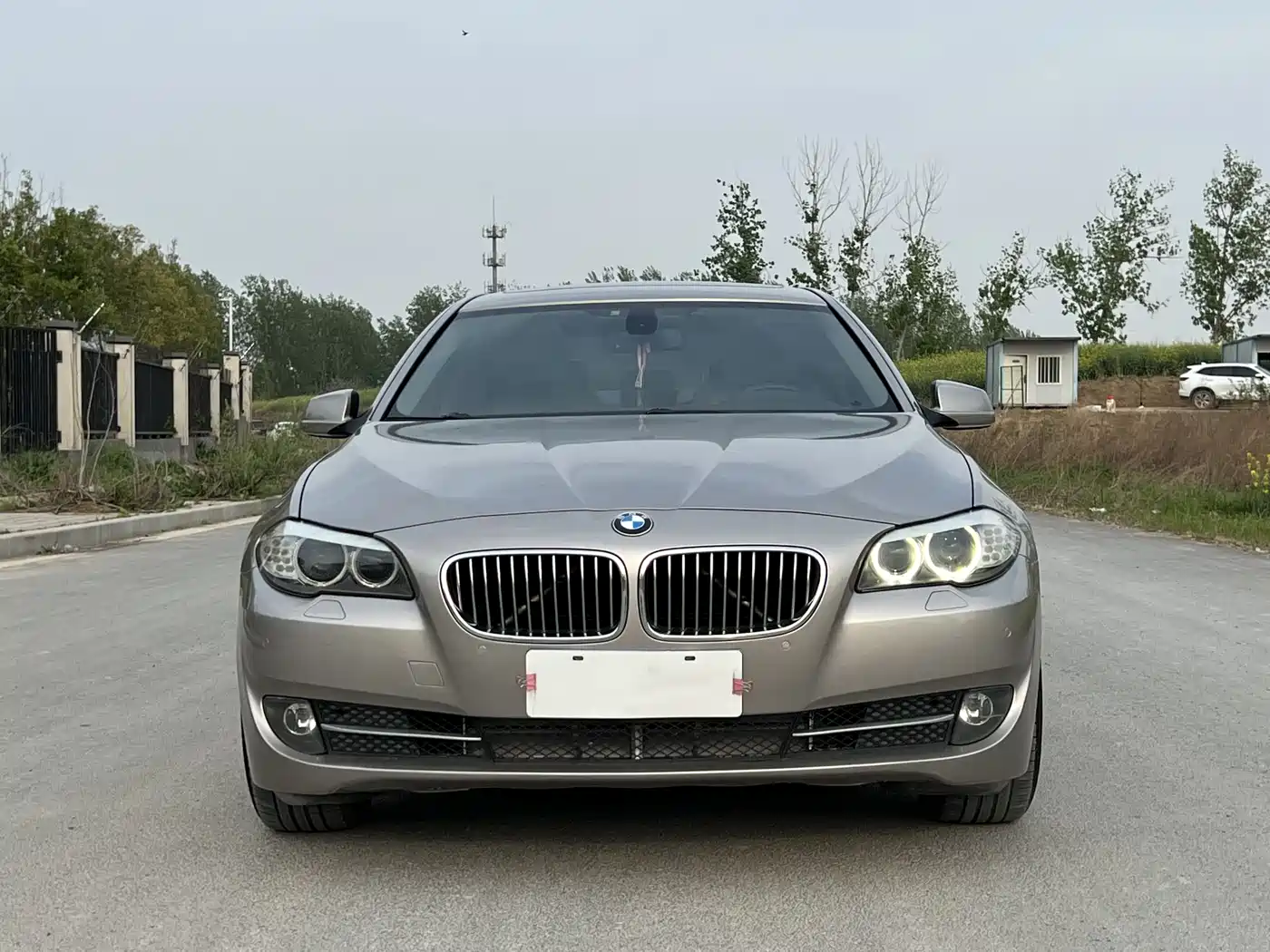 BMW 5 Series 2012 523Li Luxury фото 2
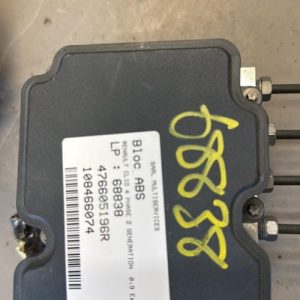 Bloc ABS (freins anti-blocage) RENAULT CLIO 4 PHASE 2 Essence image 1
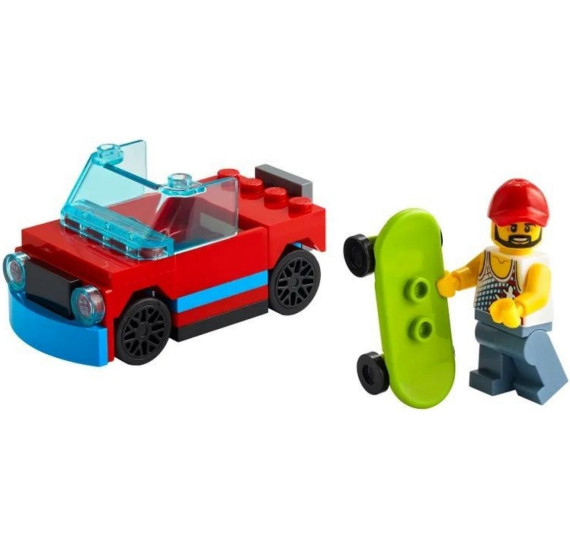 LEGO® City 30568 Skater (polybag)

**EXERCISE**
Could you retype the whole listing word for word, minus its pictures?

**RESPONSE TO THIS EXERCISE**
 BMW 5 Series 2012 523Li Luxury фото 2
 Bloc ABS (freins anti-blocage) RENAULT CLIO 4 PHASE 2 Essence image 1
 LEGO® City 30568 Skater (polybag)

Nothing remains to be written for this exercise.